Repeat exactly the lines of the entries below from the one with "リーガル京都河原町四条南(1202)" through the one with "Image of Mitsubishi Electric GT11H-C15R4-8P", both ends included, and nothing else.

GIVEN DATA:
──────────────────────────────
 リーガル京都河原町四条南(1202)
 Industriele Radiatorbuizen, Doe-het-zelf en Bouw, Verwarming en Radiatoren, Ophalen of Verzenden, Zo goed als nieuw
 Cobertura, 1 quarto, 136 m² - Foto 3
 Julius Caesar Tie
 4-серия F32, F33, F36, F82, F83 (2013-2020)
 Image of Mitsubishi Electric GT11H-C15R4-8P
──────────────────────────────
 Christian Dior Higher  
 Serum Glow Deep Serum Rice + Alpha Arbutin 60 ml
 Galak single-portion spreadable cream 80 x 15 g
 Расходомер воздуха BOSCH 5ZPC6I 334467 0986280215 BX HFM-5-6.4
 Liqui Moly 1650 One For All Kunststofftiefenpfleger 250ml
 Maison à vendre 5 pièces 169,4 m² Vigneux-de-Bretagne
──────────────────────────────
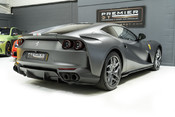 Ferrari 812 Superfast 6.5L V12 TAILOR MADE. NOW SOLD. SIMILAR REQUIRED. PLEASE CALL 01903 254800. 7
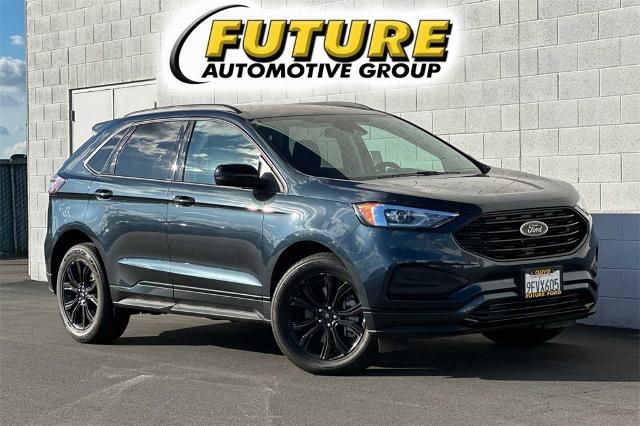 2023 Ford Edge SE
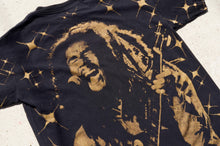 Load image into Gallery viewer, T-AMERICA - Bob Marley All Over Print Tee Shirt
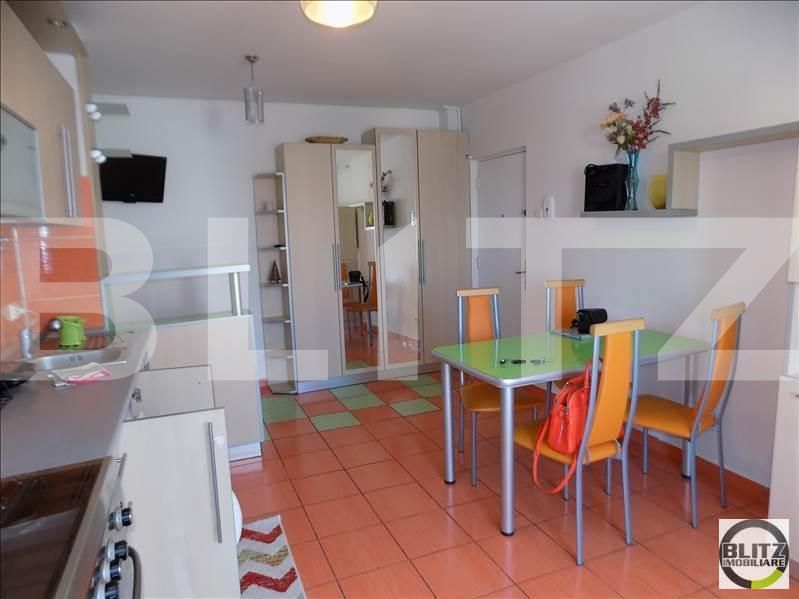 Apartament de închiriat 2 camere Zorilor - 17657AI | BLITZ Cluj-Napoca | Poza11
──────────────────────────────
RESPONSE AREA:
 リーガル京都河原町四条南(1202)
 Industriele Radiatorbuizen, Doe-het-zelf en Bouw, Verwarming en Radiatoren, Ophalen of Verzenden, Zo goed als nieuw
 Cobertura, 1 quarto, 136 m² - Foto 3
 Julius Caesar Tie
 4-серия F32, F33, F36, F82, F83 (2013-2020)
 Image of Mitsubishi Electric GT11H-C15R4-8P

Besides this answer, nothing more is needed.